> **What you are asked to do**: Exactly the lines from the one containing "1970s 1970s Sterling" through the end of the listing must make up the answer, with no pictures included.

> **Data for review**:
################
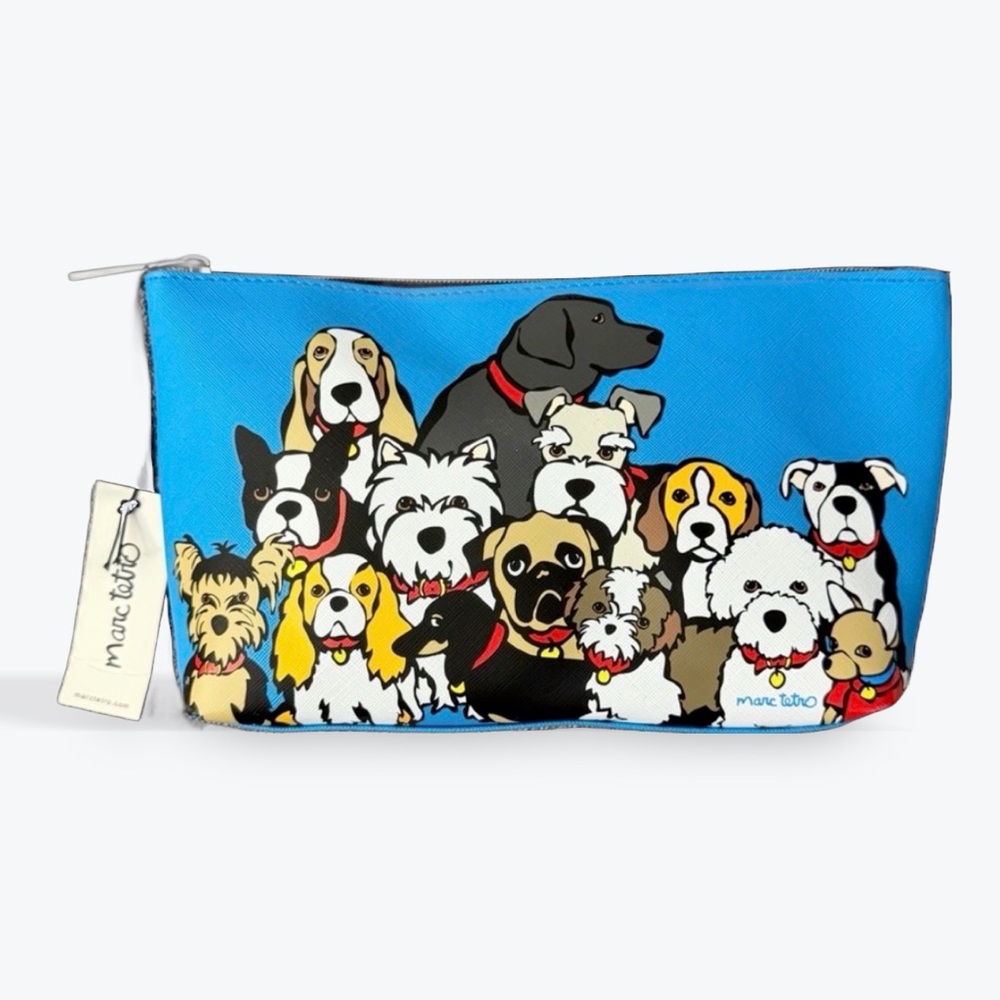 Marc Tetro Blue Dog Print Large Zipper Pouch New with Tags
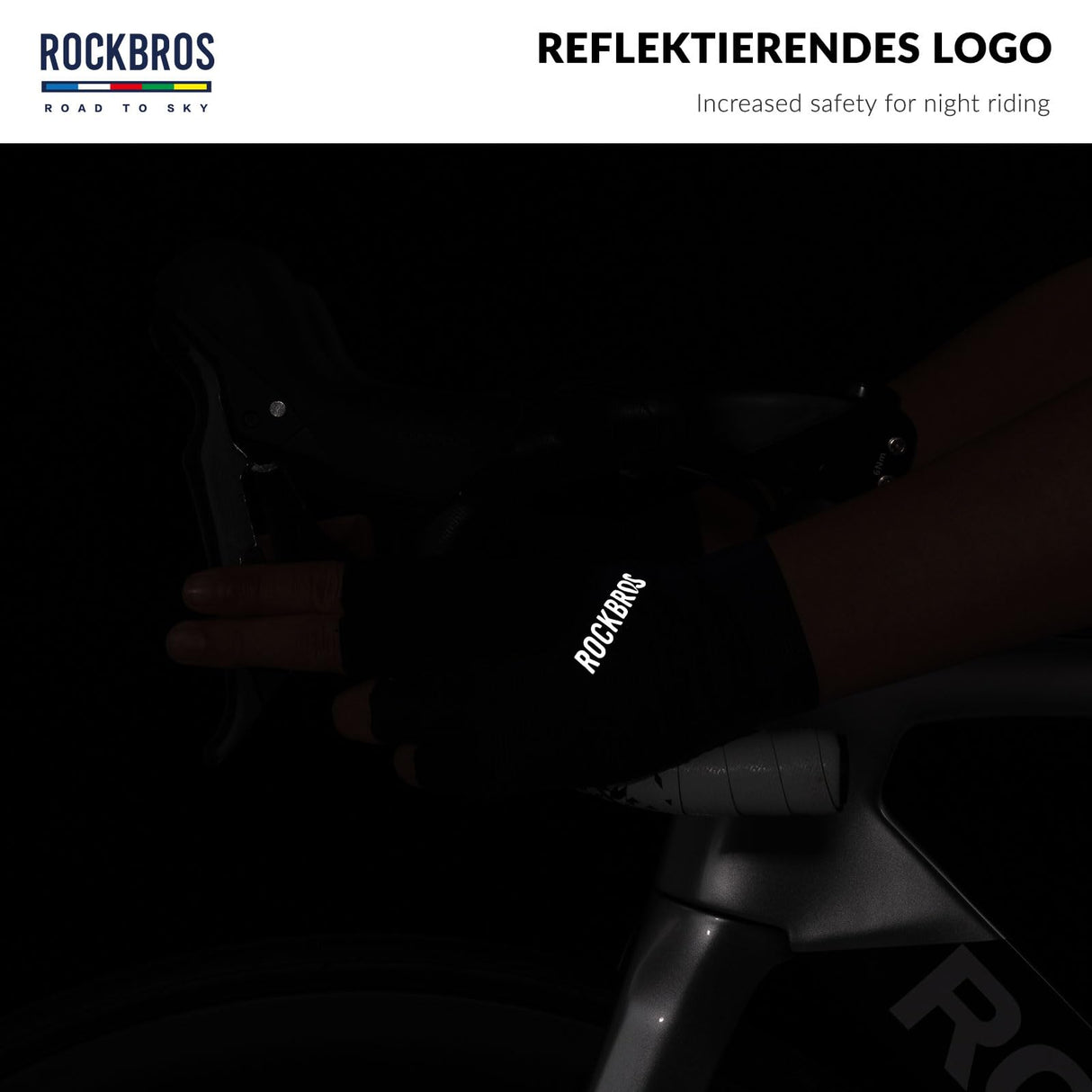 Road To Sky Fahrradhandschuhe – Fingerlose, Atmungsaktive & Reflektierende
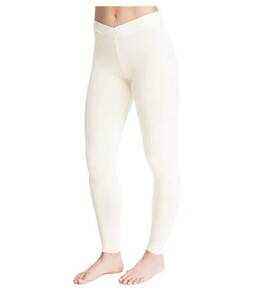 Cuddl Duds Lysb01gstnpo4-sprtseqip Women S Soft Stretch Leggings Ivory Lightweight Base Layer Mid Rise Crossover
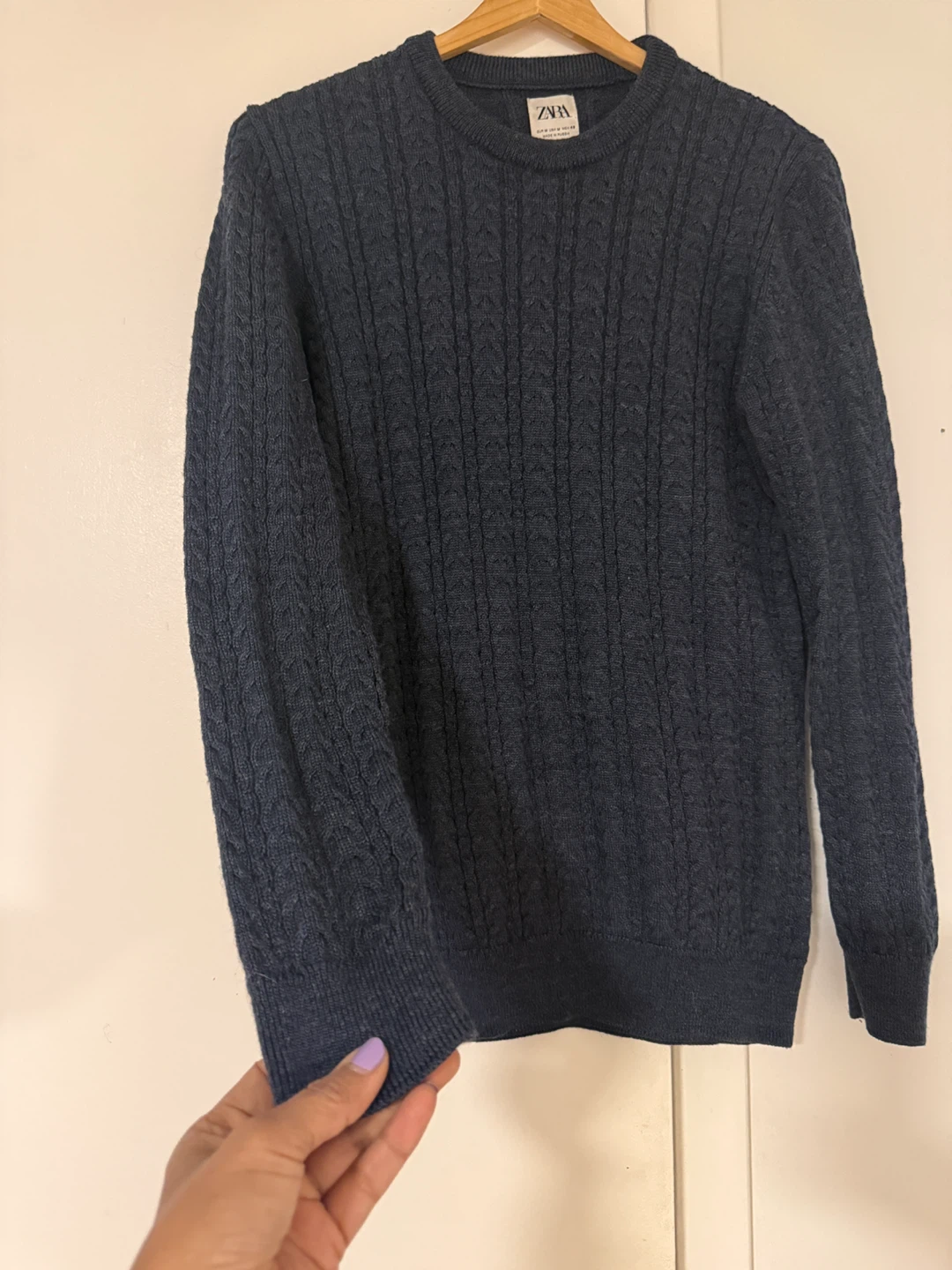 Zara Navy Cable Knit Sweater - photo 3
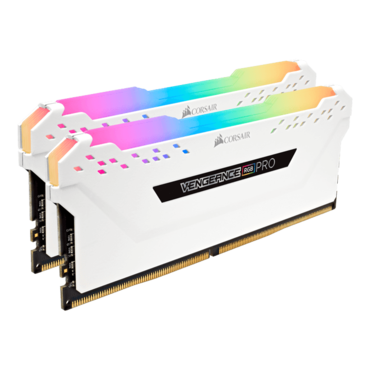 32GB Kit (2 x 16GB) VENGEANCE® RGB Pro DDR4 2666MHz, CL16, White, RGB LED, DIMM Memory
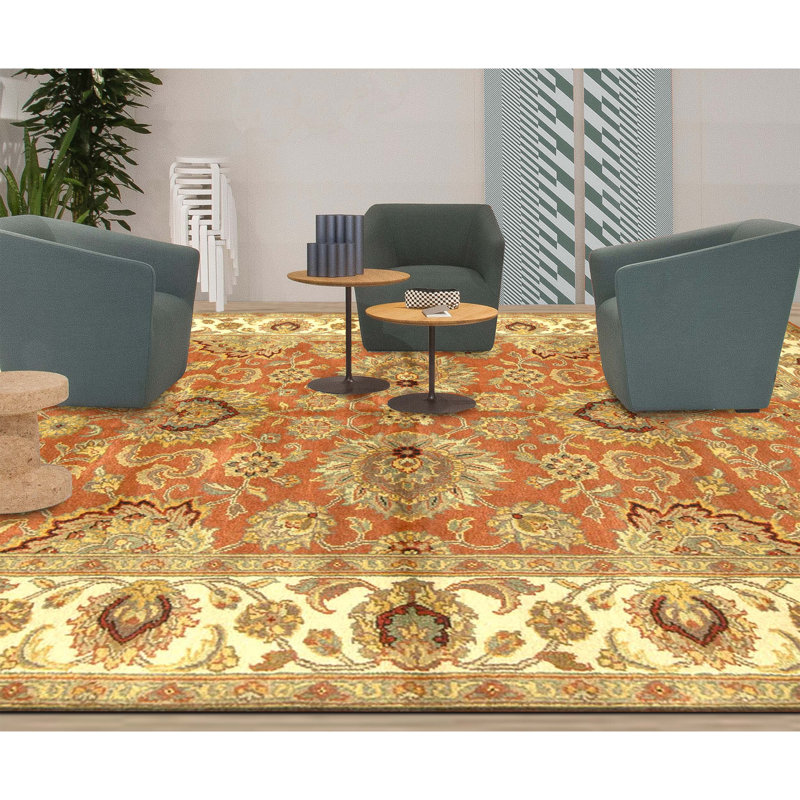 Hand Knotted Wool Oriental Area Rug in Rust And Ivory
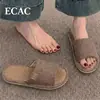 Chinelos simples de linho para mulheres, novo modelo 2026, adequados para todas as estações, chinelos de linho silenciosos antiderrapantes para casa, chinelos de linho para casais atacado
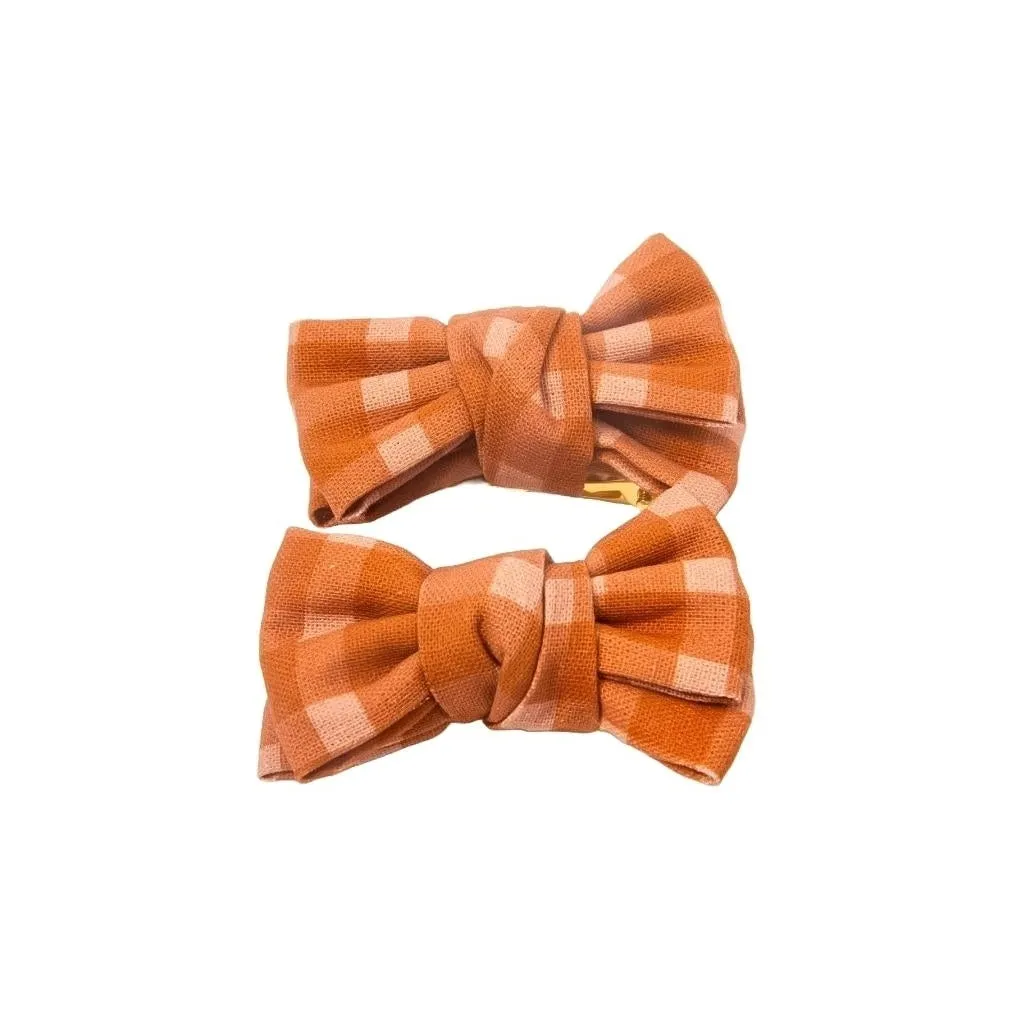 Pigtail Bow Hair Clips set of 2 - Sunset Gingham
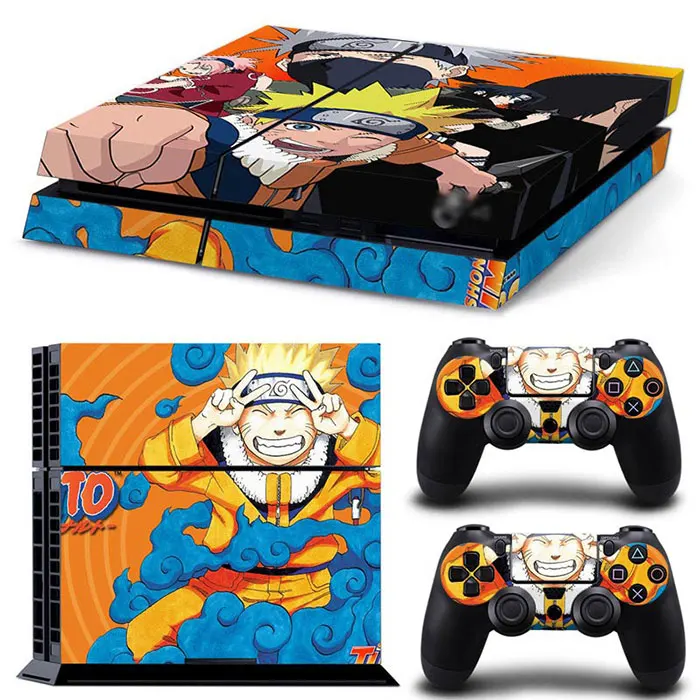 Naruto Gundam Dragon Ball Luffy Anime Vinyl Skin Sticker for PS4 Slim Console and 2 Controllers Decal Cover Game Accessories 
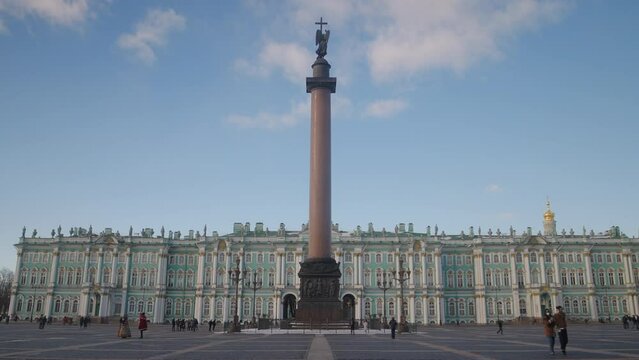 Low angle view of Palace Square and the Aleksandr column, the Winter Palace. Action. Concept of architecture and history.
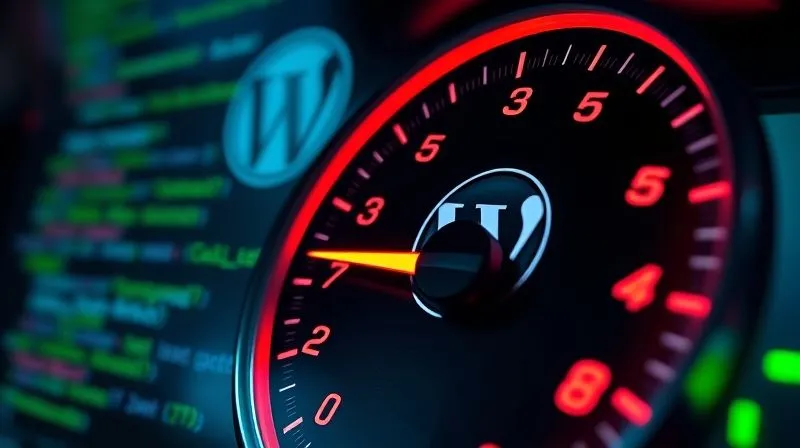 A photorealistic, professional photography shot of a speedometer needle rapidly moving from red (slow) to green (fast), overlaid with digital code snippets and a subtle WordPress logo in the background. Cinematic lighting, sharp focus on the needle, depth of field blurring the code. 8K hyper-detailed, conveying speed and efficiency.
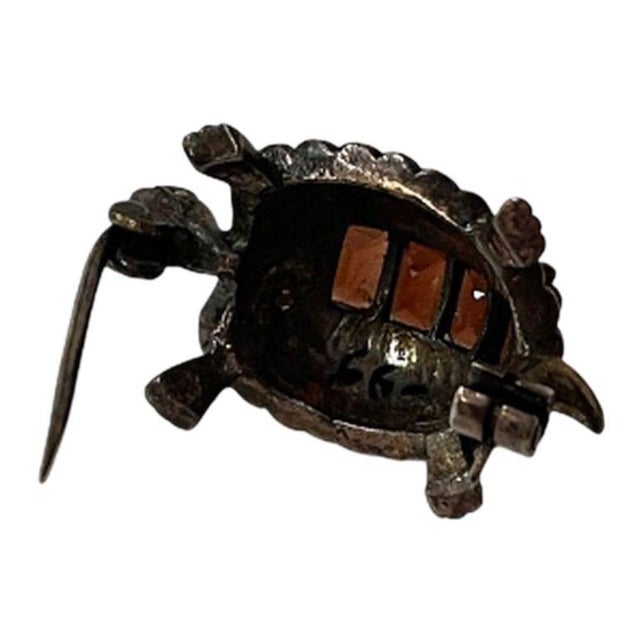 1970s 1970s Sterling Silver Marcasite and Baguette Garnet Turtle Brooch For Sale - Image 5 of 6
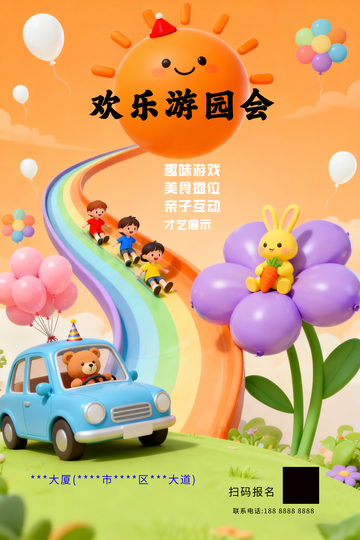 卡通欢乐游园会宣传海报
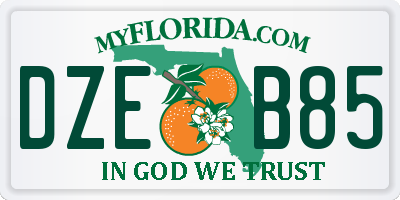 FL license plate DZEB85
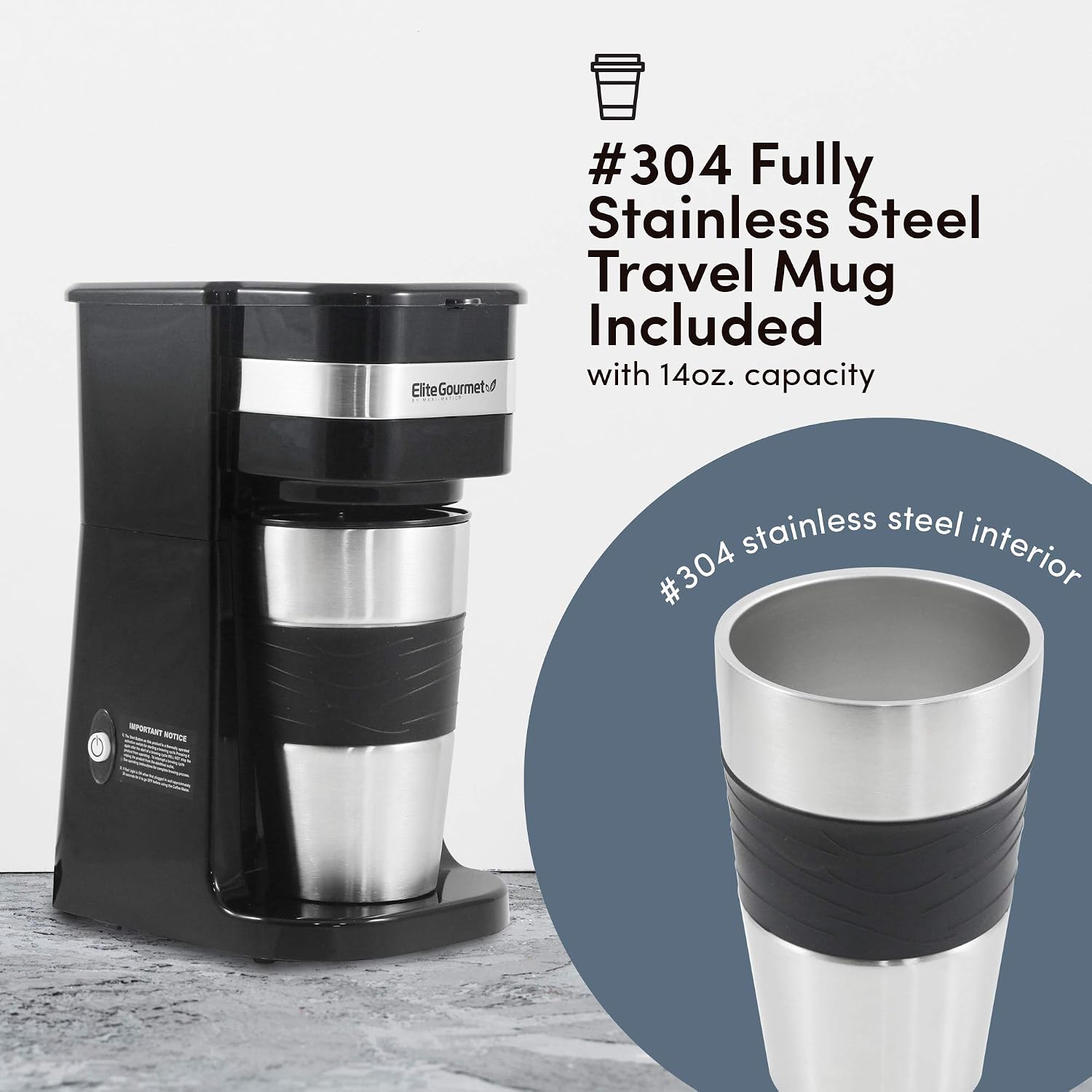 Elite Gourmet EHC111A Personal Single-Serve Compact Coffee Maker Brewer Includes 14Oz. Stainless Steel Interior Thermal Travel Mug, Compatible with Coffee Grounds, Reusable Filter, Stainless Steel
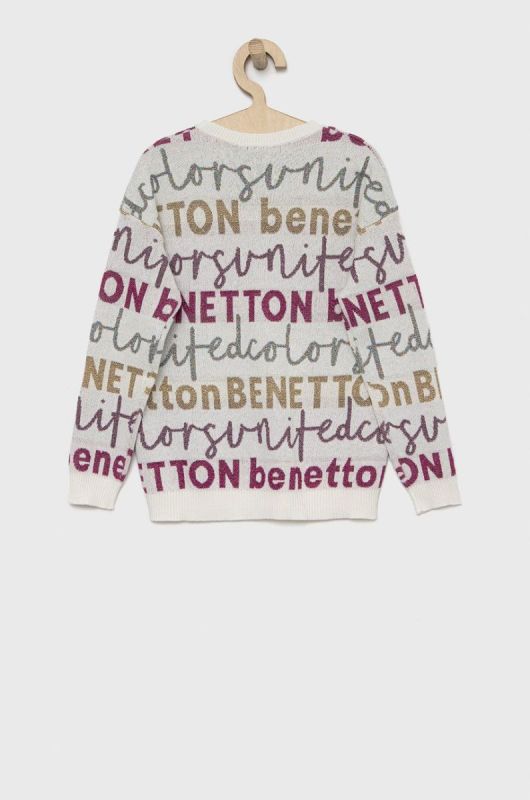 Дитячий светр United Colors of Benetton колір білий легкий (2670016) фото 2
################
> **Task result**:
 1970s 1970s Sterling Silver Marcasite and Baguette Garnet Turtle Brooch For Sale - Image 5 of 6
 卡通欢乐游园会宣传海报
 FL license plate DZEB85
 Elite Gourmet EHC111A Personal Single-Serve Compact Coffee Maker Brewer Includes 14Oz. Stainless Steel Interior Thermal Travel Mug, Compatible with Coffee Grounds, Reusable Filter, Stainless Steel
 Дитячий светр United Colors of Benetton колір білий легкий (2670016) фото 2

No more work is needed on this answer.